To supplement the kit we had the Scanlens footy cards. The odour of opening the pack to trawl through the 6 cards still remains. Everyone wanted to be  first one in the school yard to get the entire set of 100 plus. Why were Gary Leo and John Wittenberg always the difficult ones? And if very few people have kept their sets where have they all gone?

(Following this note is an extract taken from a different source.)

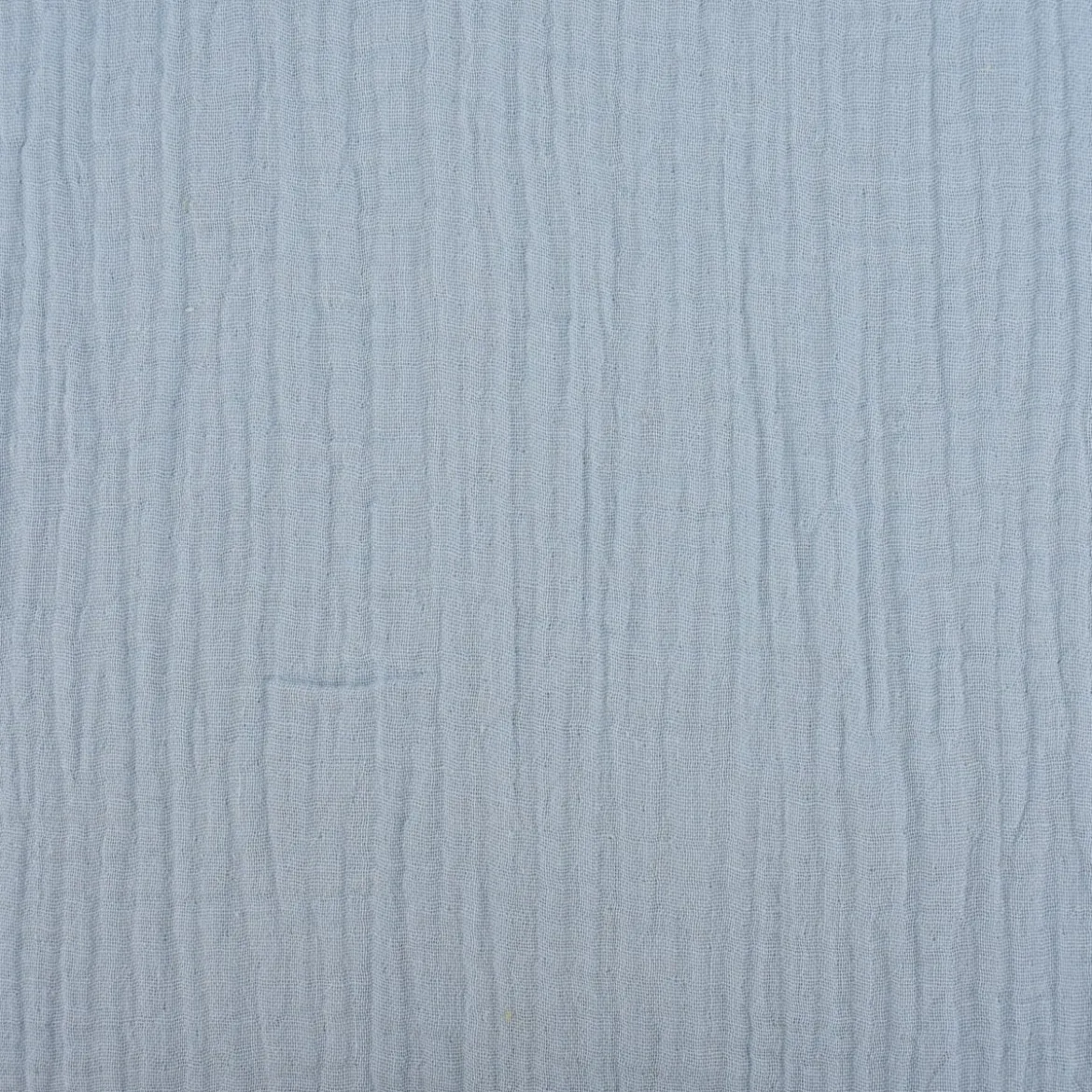 Musselin Stoff Bio Baumwolle einfarbig babyblau 1,30m Breite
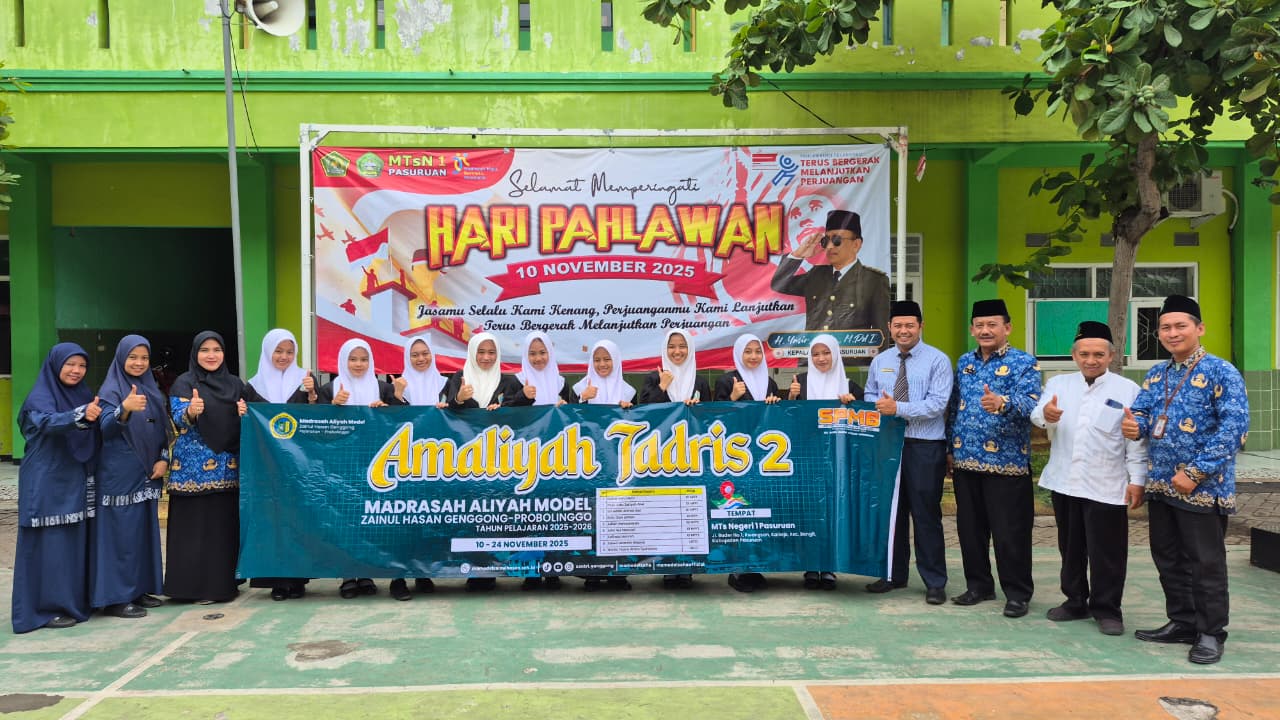 MTsN 1 Pasuruan Sambut Hangat 9 Santri PPL dari MA Model Zainul Hasan Genggong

The world got closer when our near neighbours the Musgrave boys purchased their Sydney football jumpers from Mick Simmons sports store. Strictly mail order. Peter had a Balmain one and Neil a Western Suburbs one.The only lads in the whole school who had genuine Sydney football jumpers. I was inspired. I must save my money and do my jobs and then I would be the proud owner of a St.George jumper. The task would be completed and the jumper arrived. Oh no, the crest was a large
plastic one, as opposed to the small material one used by the players. I was literally crestfallen. I got used to it. My mother sewed a number on the back. I wore the jumper with pride every day after school and would play in the backyard and try to emulate my heroes.

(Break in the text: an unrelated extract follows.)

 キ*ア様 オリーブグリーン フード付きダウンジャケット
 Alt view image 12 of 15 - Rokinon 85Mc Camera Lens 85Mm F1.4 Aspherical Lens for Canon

It was around this time I remember seeing my first Rugby League Week newspaper.It was in 1970 and I was perched in the stand at Number one oval in Dubbo. I was curious to know  about the paper that was being read by the man in front of me. It seemed to contain only news and photos about rugby league. I was hooked from 5 yards. I'm sure I did not miss a single copy for the next twenty years and was always the first person on Wednesday morning to greet Joe Snare at the South Dubbo newsagency as he opened the bundle of 50 or more copies. By the end of the week I knew every morsel of the magazine from cover to cover.

There were other starlit moments. When Dubbo CYMS player Tom Jordan signed with St.George. The next Johnny Raper. Not quite. Let the record show that he played one first grade game for the Dragons in 1970 and scored no points! When Kel Brown from that same club made the NSW side and played Queensland on a weekday afternoon at the SCG. I heard of his inclusion on the 9 o'clock news on the Sunday night.

My memories of my first visit to Sydney as a 12 year old, aching to hear pop music and Frank Hyde on 2SM only to find that for the days of Easter it would be 24 hour religious programs from the Vatican!

Life goes on. The priests have passed away or gone home to Ireland. There is no real need to put the car into the ground on Saturday nights in the country anymore. I've lost my St.George jumper. Rugby League Week is in full colour and I haven't bought a copy in years. John O'Reilly has gone to the great broadcasting box in the sky. The Country sides don't really play City any more. All games are on television and
most are at night time.

The memories are vivid, the feelings are warm.

Now where is that Supporters kit? Perhaps with my treasured Tony Branson card."